As the centenary of Benjamin Britten's birth, 2013 seems like a good time to play his music. But only two of the composer's 16 operas are to be performed in Aldeburgh all year, I can reveal. Aldeburgh Music, which runs the annual festival in Britten's home town, has announced its programme for the year, which includes no fewer than 50 commissions of new music. Twenty new commissions will be played during the June festival, in between other works by Britten; but only two operas, Peter Grimes and Death in Venice, will be staged in the town all year. A spokesman admits the emphasis on new works has divided opinion. "The festival was set up by Britten so there is a huge group of people who feel it should be solely about Britten," she says. "But it was never meant to be about him. We are putting on more operas than Aldeburgh normally presents, but if you are a Britten fan, then no, it's not going to be 100 per cent Britten."
No stone unturned
Richard Ottaway MP has welcomed news that 800 police officers are to be interviewed by the investigation into the Andrew Mitchell "plebgate conspiracy". Some people, including Labour MP Steve McCabe, have called the exercise "madness" and a waste of time. Scotland Yard has said it will take statements from every officer in the diplomatic protection unit, to get to the bottom of what happened in the incident that cost the Tory MP his cabinet career. Now Ottaway, a long-standing friend of Mitchell, who is chair of the House of Commons Foreign Affairs Committee, says it is a necessary evil. "It may seem laborious," he tells me, "but given that it appears that the email [making the allegations against Mitchell] was a fabrication, if a thorough investigation is to be carried out, then investigators will have to approach everyone to find out if they were approached to send an email similar to the one that was sent." Mitchell admits swearing, but denies calling officers "plebs".
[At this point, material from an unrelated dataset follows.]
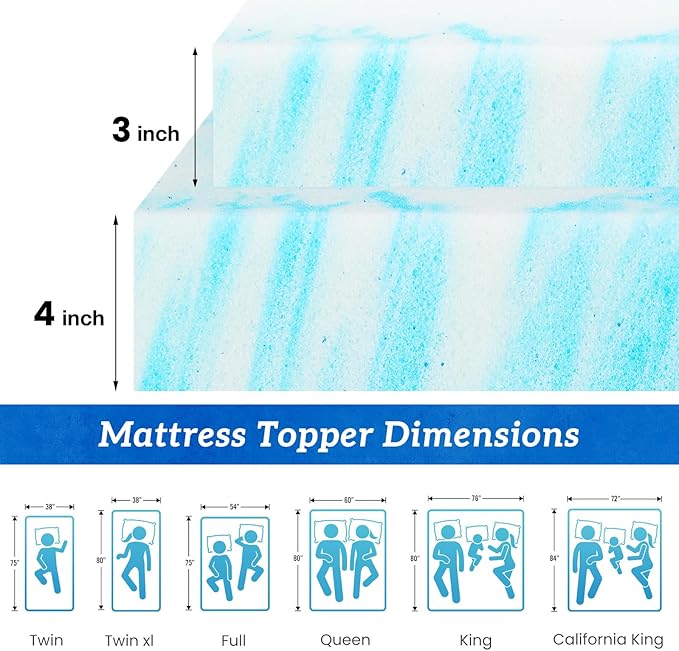 Sweetcrispy Memory Foam Mattress Topper Twin, 2 Inch Thick Gel Infused Cooling Toppers Pad for Twin Size Bed, Sleeper Sofa, RV, Camper, CertiPUR US Certified, Ventilated and Breathable, Blue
Sir Anthony Hopkins astonished residents of Port Talbot the other day by dropping by at his old home, saying he'd quite like to buy it back. Chris Trainor, owner of the semi where Hopkins once lived, was amazed to see the Hollywood star roll up in a chauffeur-driven car. Hopkins, 75, and his new Colombian wife, Stella Arroyave, had spent Christmas in Pembrokeshire, and popped in on the way home. "He had a really good look around," said Trainor. "If they make an offer I'll definitely have to consider it."
Au revoir to bedtime stories
Only six months ago, French minister Eric Besson, 54, was the subject of much ooh-la-la-ing, accidentally broadcasting this private message to his 24-year-old wife: "When I get home, I'm going back to bed. With you?" Sent at 11am, it forced him to deny that he was going home to bed in the middle of the day. Now, the passion appears to have cooled, and the couple are to divorce. When Besson left his first wife, Sylvie Brunel, for Yasmine Tordjman, then 22, Bindel took revenge with a book called Guerrilla Warfare: A Guide for Wives. This time, it all seems much more amicable.